From: Brian Foster <bfoster@redhat.com>
To: Dave Chinner <david@fromorbit.com>
Cc: linux-xfs@vger.kernel.org
Subject: Re: [PATCH RFC 2/4] xfs: defer agfl block frees when dfops is available
Date: Fri, 8 Dec 2017 09:16:30 -0500 [thread overview]
Message-ID: <20171208141629.GB55826@bfoster.bfoster> (raw)

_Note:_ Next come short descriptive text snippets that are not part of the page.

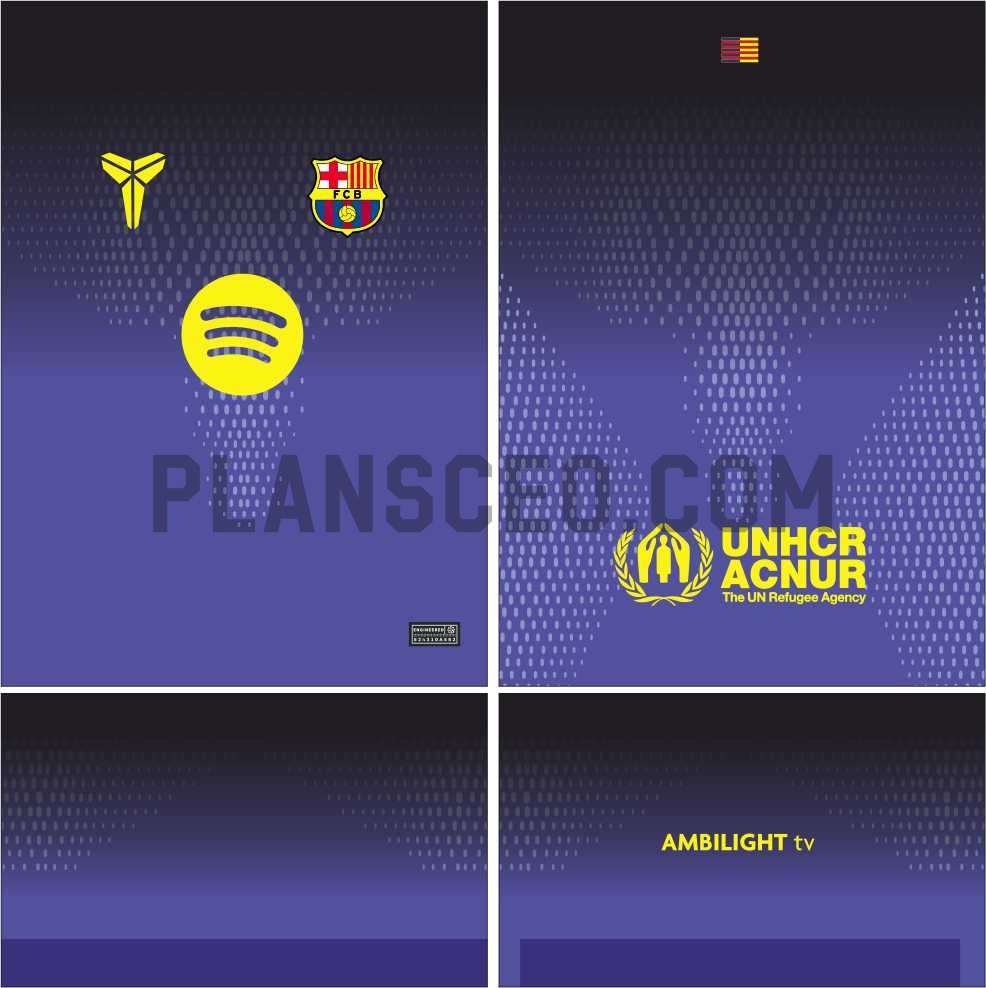 巴塞罗那 Barcelona away 26-27赛季Vector Pattern
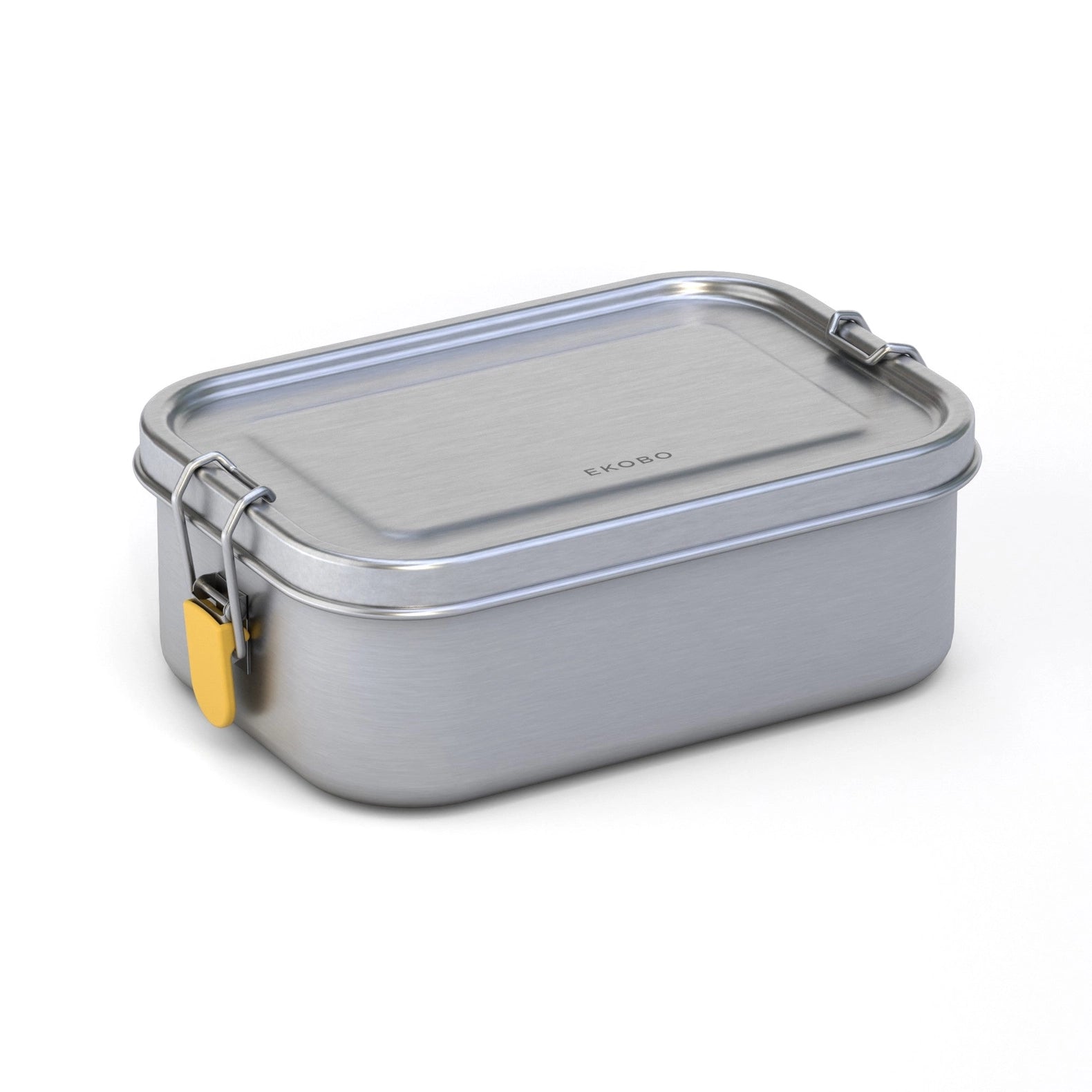 Stainless Steel Lunch Box with Heat Safe Insert - Yellow
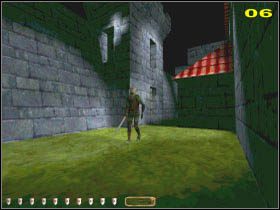 Więcej korzyści odniesiesz, kierując się w lewy korytarz od głównej bramy, ale jak zawsze to Tobie pozostawiam wybór - ASSASSINS (1) | MISJA 4 | Thief The Dark Project - Thief: The Dark Project - poradnik do gry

In-Reply-To: <20171207224126.GJ4094@dastard>
On Fri, Dec 08, 2017 at 09:41:26AM +1100, Dave Chinner wrote:
> On Thu, Dec 07, 2017 at 01:58:08PM -0500, Brian Foster wrote:
> > The AGFL fixup code executes before every block allocation/free and
> > rectifies the AGFL based on the current, dynamic allocation
> > requirements of the fs. The AGFL must hold a minimum number of
> > blocks to satisfy a worst case split of the free space btrees caused
> > by the impending allocation operation. The AGFL is also updated to
> > maintain the implicit requirement for a minimum number of free slots
> > to satisfy a worst case join of the free space btrees.
> >
> > Since the AGFL caches individual blocks, AGFL reduction typically
> > involves multiple, single block frees. We've had reports of
> > transaction overrun problems during certain workloads that boil down
> > to AGFL reduction freeing multiple blocks and consuming more space
> > in the log than was reserved for the transaction.
> >
> > Since the objective of freeing AGFL blocks is to ensure free AGFL
> > free slots are available for the upcoming allocation, one way to
> > address this problem is to release surplus blocks from the AGFL
> > immediately but defer the free of those blocks (similar to how
> > file-mapped blocks are unmapped from the file in one transaction and
> > freed via a deferred operation) until the transaction is rolled.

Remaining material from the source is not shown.